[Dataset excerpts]
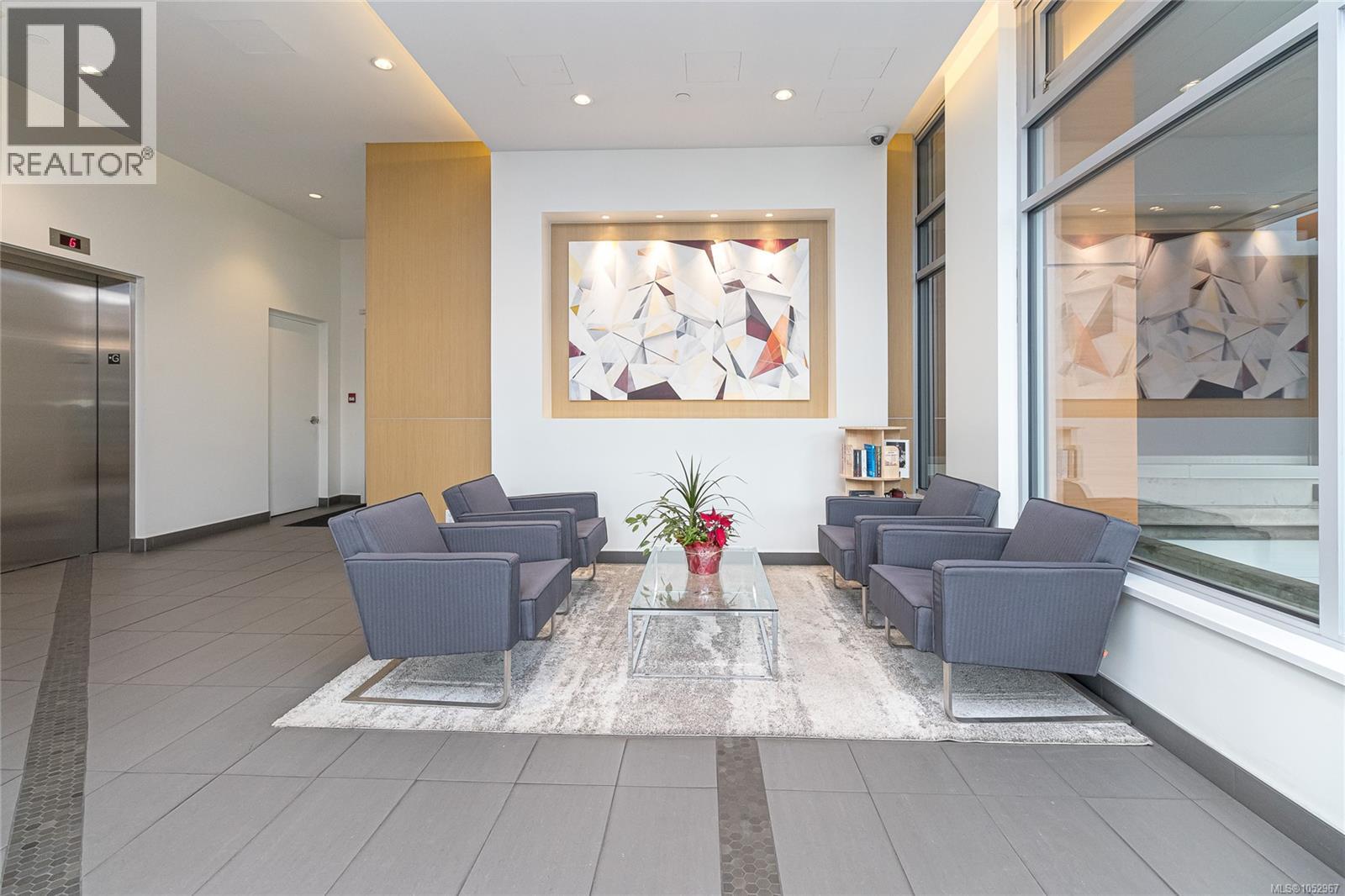 709 838 Broughton Street, Victoria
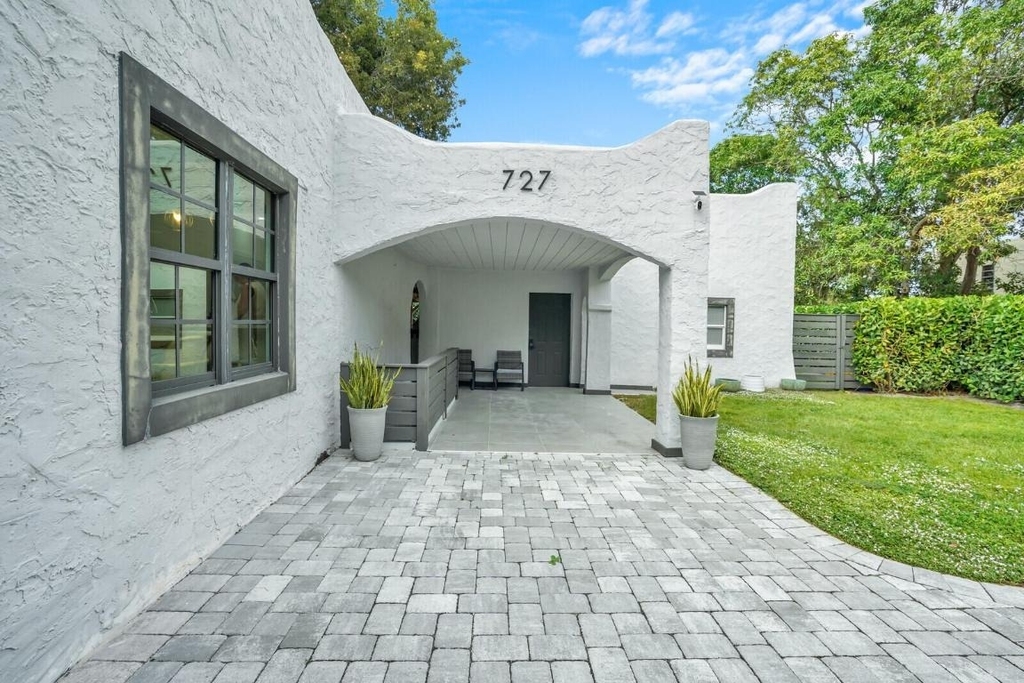 727 S Fernwood Drive S - Photo 2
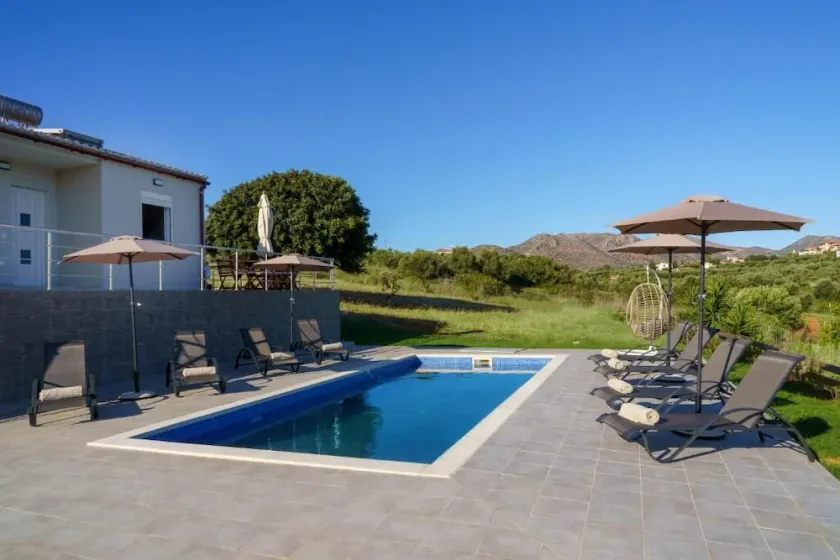 Deatached apartment with shared pool in Tersanas Chania 2 minutes from the beach - Image 1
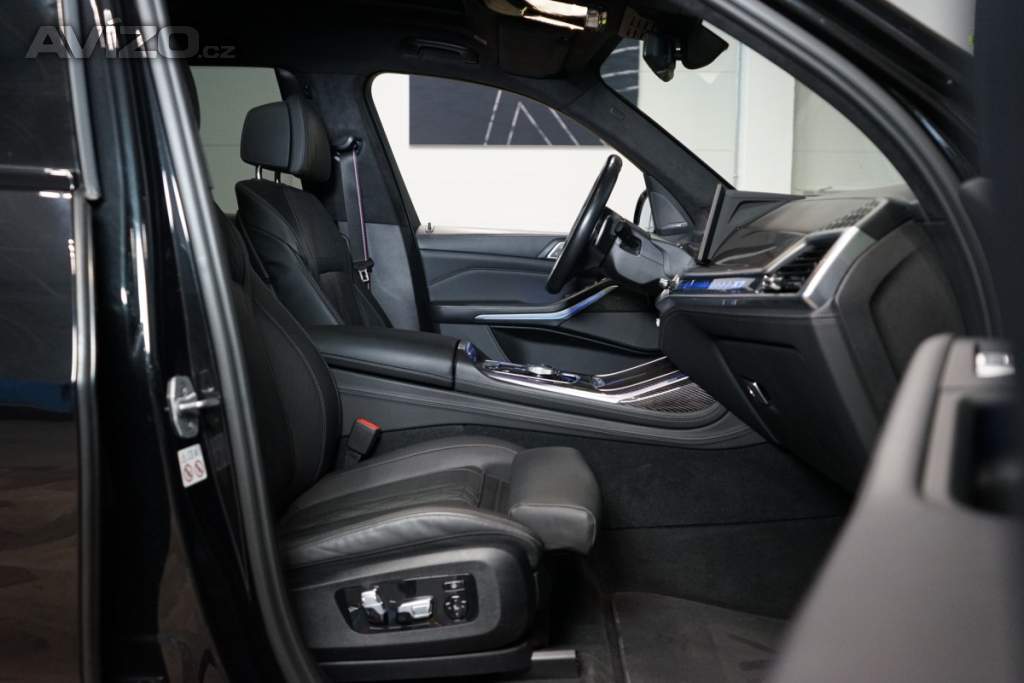 Foto inzerátu BMW X7 40i*xDRIVE*PANO*SERVICE*HUD*36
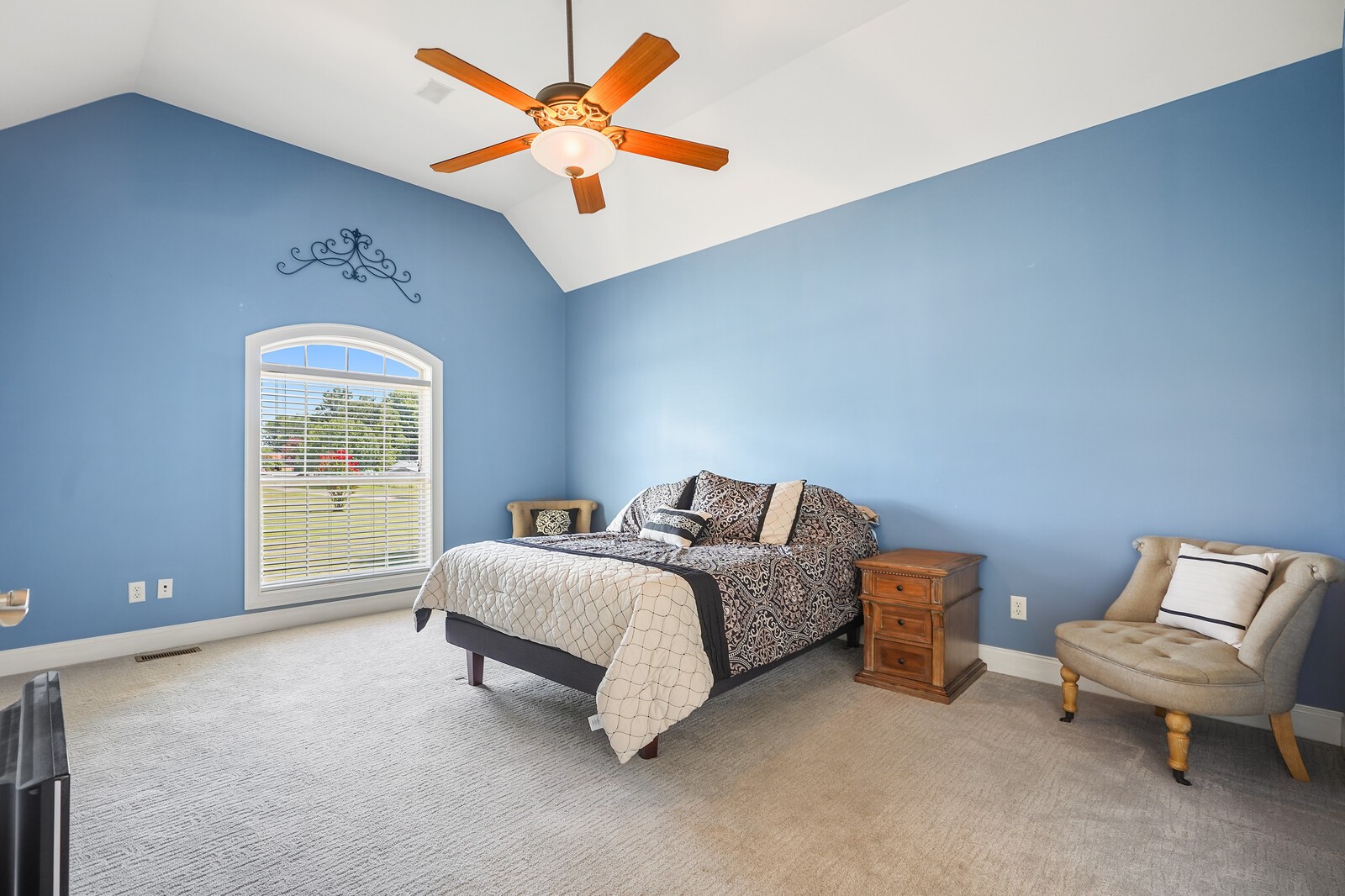 4221 Mt Zion Road Springfield, TN 37172 - Photo 26 of 36 a bed room with a bed and a couch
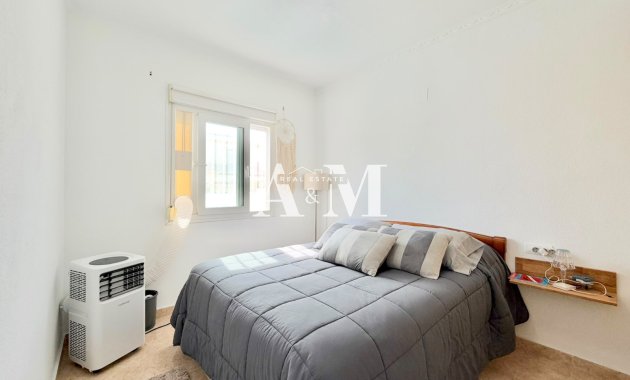 Resale - Chalet - Torrevieja - Aguas Nuevas - Torrelamata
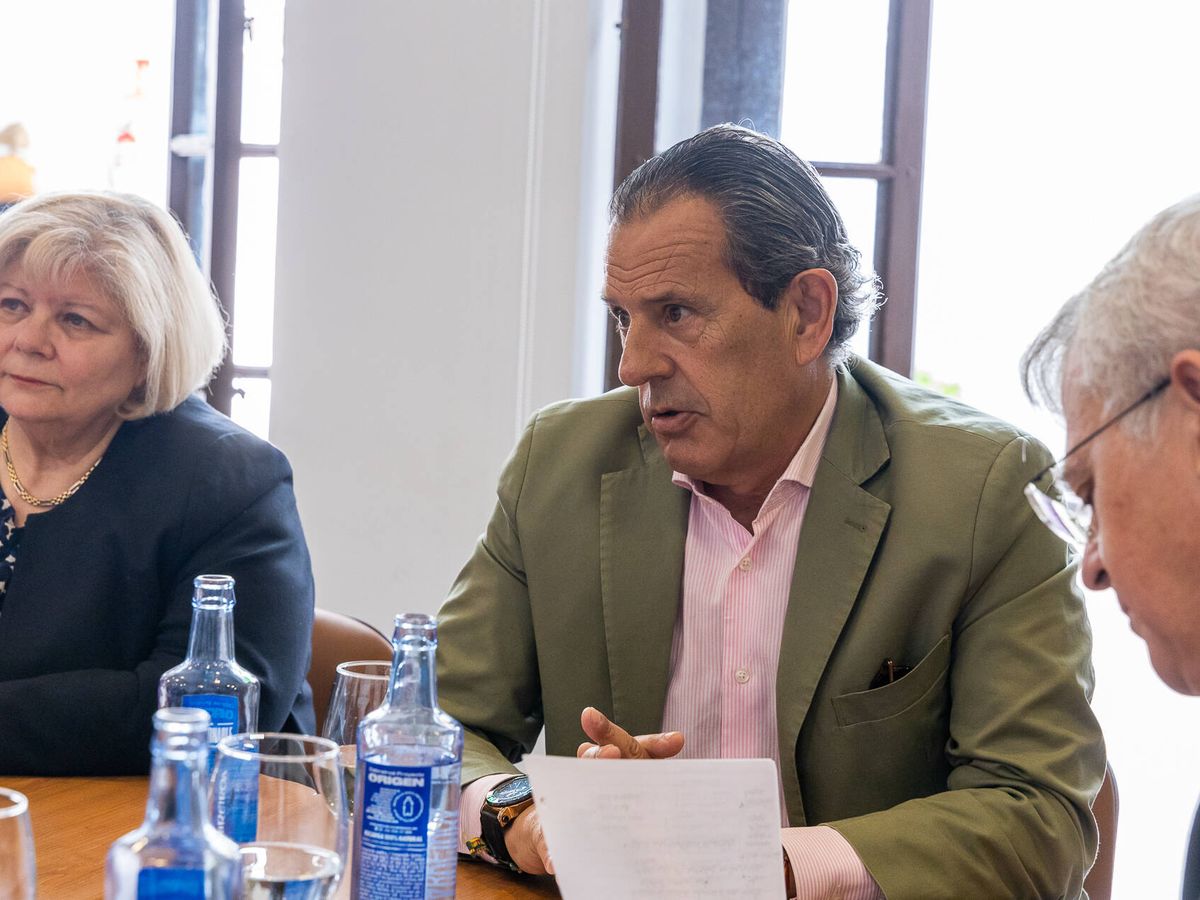 Foto: Maite Palomino, Rafael Merino y José María Silva, durante el encuentro. 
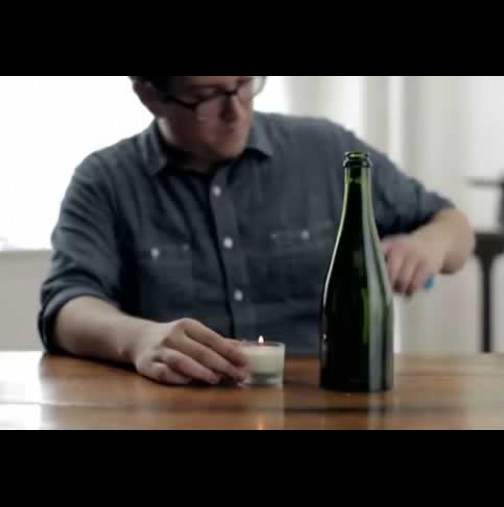 Сложил лампи в бутилка вино. След като видите резултата, веднага ще направите същото! (Видео)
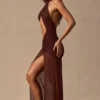 Caicos Maxikleid mit Cut-outs und Neckholder-Ausschnitt in Espressobraun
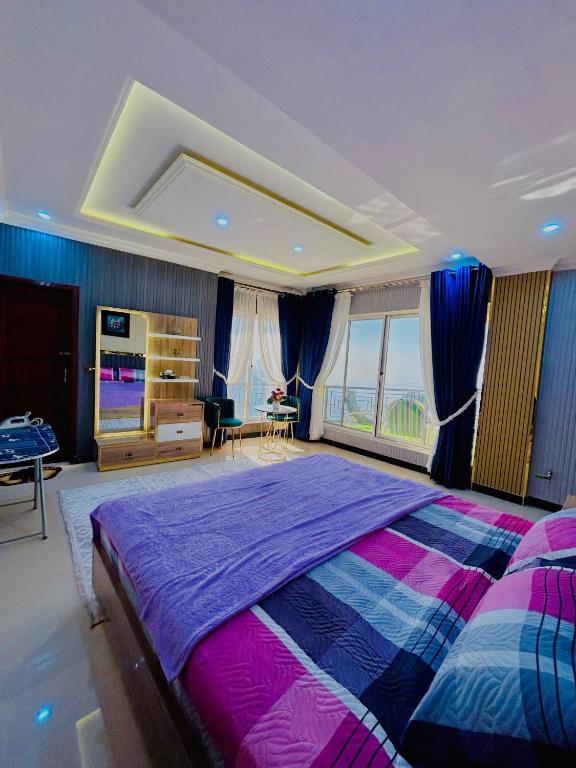 Luxury Master Bedroom Suite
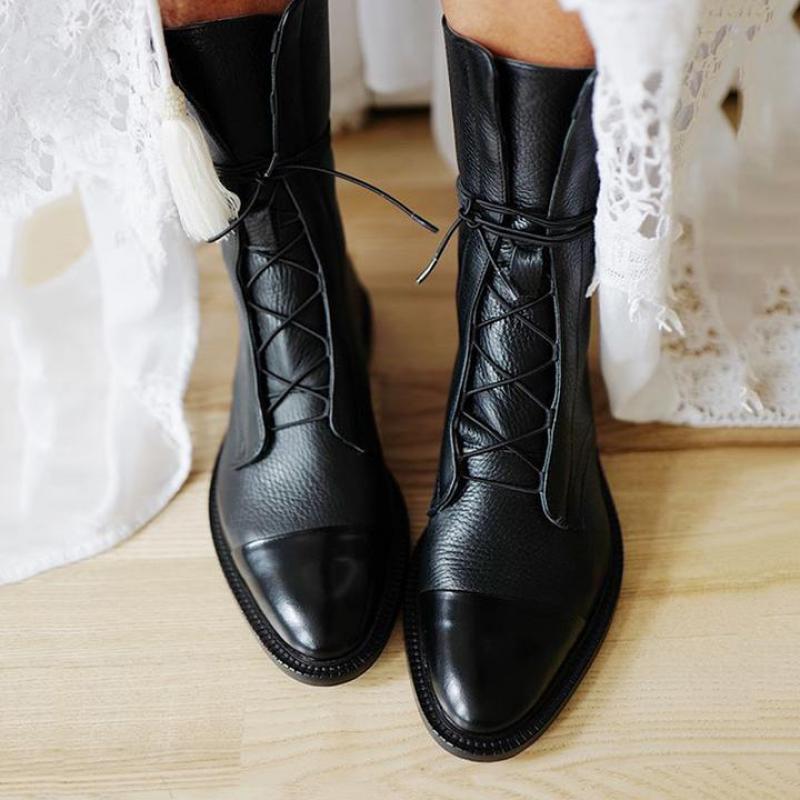 Natalia® | British style boots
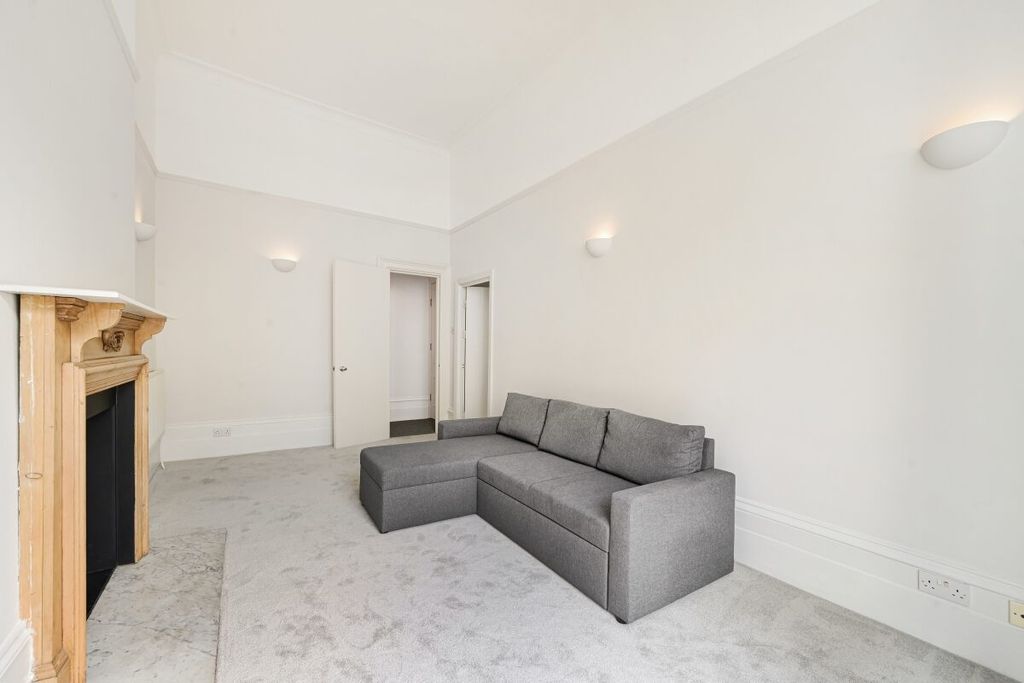Property photo 1 of 7 Thurloe Street (2)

* _WORK ORDER_
Reproduce the data above word for word, but leave the images out.

* _RESULT_
 709 838 Broughton Street, Victoria
 727 S Fernwood Drive S - Photo 2
 Deatached apartment with shared pool in Tersanas Chania 2 minutes from the beach - Image 1
 Foto inzerátu BMW X7 40i*xDRIVE*PANO*SERVICE*HUD*36
 4221 Mt Zion Road Springfield, TN 37172 - Photo 26 of 36 a bed room with a bed and a couch
 Resale - Chalet - Torrevieja - Aguas Nuevas - Torrelamata
 Foto: Maite Palomino, Rafael Merino y José María Silva, durante el encuentro. 
 Сложил лампи в бутилка вино. След като видите резултата, веднага ще направите същото! (Видео)
 Caicos Maxikleid mit Cut-outs und Neckholder-Ausschnitt in Espressobraun
 Luxury Master Bedroom Suite
 Natalia® | British style boots
Property photo 1 of 7 Thurloe Street (2)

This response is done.